De plus, la théorie des perspectives (Kahneman & Taversky, 1978) précise que la décision d’investir dépend de la richesse initiale et de l’aversion aux pertes. En effet, si le gain est latent, l’investisseur aura la volonté d’encaisser rapidement le gain. Contrairement, si l’investisseur subit une perte, il aura la volonté d’attendre avec l’espoir d’un retour à l’équilibre.

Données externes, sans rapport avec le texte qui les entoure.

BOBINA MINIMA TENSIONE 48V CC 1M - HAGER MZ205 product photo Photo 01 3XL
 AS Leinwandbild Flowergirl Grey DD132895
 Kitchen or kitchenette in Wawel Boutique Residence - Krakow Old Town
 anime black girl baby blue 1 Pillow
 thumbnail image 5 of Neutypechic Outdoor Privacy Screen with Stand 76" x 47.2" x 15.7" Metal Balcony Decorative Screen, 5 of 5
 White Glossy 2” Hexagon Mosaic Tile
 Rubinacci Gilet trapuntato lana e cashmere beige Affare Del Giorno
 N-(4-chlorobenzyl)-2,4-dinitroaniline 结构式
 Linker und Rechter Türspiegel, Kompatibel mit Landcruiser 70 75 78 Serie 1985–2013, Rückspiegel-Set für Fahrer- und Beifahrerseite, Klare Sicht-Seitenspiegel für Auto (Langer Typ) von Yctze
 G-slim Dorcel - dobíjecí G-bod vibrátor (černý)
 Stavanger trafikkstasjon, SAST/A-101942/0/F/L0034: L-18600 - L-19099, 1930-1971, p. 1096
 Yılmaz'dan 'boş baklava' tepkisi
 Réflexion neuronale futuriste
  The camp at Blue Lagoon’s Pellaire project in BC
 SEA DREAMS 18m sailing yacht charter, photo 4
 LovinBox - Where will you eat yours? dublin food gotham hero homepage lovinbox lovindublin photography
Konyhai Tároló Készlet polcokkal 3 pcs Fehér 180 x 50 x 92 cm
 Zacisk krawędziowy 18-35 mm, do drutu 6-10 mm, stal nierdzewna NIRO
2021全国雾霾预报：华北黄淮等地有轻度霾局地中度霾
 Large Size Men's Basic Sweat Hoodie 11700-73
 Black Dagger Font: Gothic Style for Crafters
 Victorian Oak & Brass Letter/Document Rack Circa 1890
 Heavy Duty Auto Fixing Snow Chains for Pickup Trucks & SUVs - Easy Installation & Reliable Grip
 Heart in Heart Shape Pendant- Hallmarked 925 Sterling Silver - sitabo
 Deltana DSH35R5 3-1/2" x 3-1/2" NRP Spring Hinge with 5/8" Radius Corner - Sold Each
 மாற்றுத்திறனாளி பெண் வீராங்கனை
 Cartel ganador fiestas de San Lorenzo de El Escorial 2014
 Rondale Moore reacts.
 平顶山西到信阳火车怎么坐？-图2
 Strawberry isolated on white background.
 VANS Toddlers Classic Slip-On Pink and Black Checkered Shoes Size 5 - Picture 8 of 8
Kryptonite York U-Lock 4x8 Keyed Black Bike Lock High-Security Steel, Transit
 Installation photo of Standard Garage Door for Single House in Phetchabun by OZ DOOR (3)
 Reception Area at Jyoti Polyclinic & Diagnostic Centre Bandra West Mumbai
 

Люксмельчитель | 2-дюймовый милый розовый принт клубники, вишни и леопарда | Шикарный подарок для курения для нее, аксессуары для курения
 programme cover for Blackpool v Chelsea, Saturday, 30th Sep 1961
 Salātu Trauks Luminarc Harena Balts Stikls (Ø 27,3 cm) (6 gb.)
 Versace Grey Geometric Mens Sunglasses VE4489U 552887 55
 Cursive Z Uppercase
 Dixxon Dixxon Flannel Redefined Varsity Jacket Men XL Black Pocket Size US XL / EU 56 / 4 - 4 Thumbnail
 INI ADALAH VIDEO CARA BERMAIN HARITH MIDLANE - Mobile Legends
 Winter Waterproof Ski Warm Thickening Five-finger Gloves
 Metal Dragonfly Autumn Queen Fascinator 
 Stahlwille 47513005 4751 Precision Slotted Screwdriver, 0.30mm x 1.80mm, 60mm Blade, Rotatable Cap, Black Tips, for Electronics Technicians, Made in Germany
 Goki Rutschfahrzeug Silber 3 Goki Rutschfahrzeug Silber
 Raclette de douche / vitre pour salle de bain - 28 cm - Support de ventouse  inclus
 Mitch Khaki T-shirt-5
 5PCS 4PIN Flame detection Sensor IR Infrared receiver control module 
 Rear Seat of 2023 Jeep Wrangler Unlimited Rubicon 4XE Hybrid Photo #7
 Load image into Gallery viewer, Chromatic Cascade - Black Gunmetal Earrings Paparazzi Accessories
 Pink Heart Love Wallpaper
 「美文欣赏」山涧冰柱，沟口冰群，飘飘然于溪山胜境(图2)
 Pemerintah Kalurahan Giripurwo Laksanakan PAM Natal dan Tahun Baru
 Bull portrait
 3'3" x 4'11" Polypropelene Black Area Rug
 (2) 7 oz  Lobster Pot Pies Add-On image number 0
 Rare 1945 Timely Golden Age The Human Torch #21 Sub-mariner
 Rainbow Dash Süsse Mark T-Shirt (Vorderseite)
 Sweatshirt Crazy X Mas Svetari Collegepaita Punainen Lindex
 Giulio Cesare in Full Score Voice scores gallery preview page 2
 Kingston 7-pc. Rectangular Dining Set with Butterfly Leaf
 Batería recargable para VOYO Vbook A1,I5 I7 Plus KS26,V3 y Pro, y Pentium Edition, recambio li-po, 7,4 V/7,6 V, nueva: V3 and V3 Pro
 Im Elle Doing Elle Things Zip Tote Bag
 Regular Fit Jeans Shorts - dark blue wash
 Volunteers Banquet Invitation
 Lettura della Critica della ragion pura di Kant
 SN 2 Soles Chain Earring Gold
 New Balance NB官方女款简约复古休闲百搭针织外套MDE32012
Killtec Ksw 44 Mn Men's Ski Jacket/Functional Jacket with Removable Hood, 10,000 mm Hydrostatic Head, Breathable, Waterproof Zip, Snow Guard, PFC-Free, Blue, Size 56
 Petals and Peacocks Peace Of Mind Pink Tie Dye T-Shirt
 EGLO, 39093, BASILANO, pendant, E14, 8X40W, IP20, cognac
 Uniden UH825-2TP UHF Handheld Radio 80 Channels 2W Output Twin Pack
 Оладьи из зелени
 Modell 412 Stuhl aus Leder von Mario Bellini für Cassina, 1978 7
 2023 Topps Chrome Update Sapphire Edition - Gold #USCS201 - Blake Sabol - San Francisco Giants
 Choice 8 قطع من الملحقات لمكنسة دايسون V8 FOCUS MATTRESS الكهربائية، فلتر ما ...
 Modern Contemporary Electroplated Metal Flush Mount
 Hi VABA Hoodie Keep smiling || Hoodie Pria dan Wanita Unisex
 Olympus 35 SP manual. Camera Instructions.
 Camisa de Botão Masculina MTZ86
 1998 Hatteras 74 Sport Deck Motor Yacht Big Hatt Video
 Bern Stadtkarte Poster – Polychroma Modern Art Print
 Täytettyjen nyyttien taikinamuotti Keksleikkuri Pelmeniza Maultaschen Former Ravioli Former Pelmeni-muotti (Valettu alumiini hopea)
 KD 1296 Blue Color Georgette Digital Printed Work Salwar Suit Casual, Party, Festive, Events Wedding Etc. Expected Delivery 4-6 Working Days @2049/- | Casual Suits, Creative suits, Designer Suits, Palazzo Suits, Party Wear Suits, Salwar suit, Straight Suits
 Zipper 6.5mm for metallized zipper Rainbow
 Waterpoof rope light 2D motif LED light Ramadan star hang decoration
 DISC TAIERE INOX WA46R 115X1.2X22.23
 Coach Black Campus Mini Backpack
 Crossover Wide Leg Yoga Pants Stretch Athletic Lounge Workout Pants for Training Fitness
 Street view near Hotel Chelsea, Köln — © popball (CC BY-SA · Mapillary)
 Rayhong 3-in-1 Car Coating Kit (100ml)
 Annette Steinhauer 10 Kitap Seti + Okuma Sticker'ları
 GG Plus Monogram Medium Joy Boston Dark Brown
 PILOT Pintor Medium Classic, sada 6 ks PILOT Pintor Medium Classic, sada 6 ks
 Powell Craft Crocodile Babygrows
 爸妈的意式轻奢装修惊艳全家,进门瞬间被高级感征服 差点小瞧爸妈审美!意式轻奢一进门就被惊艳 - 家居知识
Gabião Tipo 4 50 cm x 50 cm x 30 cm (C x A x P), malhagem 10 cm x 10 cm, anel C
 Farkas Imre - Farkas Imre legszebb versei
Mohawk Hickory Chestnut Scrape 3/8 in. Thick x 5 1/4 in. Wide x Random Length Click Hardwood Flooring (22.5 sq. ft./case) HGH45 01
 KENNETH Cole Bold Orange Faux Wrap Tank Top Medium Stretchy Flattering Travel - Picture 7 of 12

Enfin, il existe d’autres courants théoriques en marge de la finance comportementale : la théorie des fractales (Mandelbrot, 1978). En observant les courbes des cours, l’étude démontre l’existence de similitudes à des échelles différentes. Il est alors possible de repérer une même irrégularité sur une durée mensuelle, hebdomadaire ou mensuelle. Ce qu’il faut retenir, c’est que le comportement passé du marché a une influence sur le comportement à venir. Par conséquent, nous avons une nouvelle atteinte au concept théorique de marche au hasard des marchés boursiers.

Compte tenu de ce qui vient d’être exposé dans cet article, une société qui émet des titres financiers sur un marché réglementé le fera à un prix qui doit correspondre à leur valeur exacte pour lever un maximum de fonds.
En pratique, une introduction en bourse se fera à une valeur légèrement inférieure afin de réaliser une hausse des cours juste après. Cette sous-évaluation initiale sera justifiée par une asymétrie d’informations et favorisera la liquidité du titre auprès des investisseurs. Lorsque les informations seront accessibles à l’ensemble des acteurs du marché, le cours s’ajustera.
Si l’on retient l’hypothèse d’efficience des marchés, toute information nouvellement émise devrait avoir un impact sur les cours pour être pertinente. Toutefois, en pratique, cette efficience n’est pas totalement vérifiée avec de nombreuses dérives telles que les anomalies de marché et/ou la finance comportementale.

Bibliographie indicative :

  • BARNETTO P., GREGORIO G. (2010), DSCG 2 – Finance, manuel et applications, Ed. DUNOD.
  • BENSADON D. & al. (2015), DSCG 4 – Comptabilité et audit, manuel et applications, Ed. FOUCHER.
  • VERNIMMEN P. (2009), Finance d’entreprise, Ed. DALLOZ.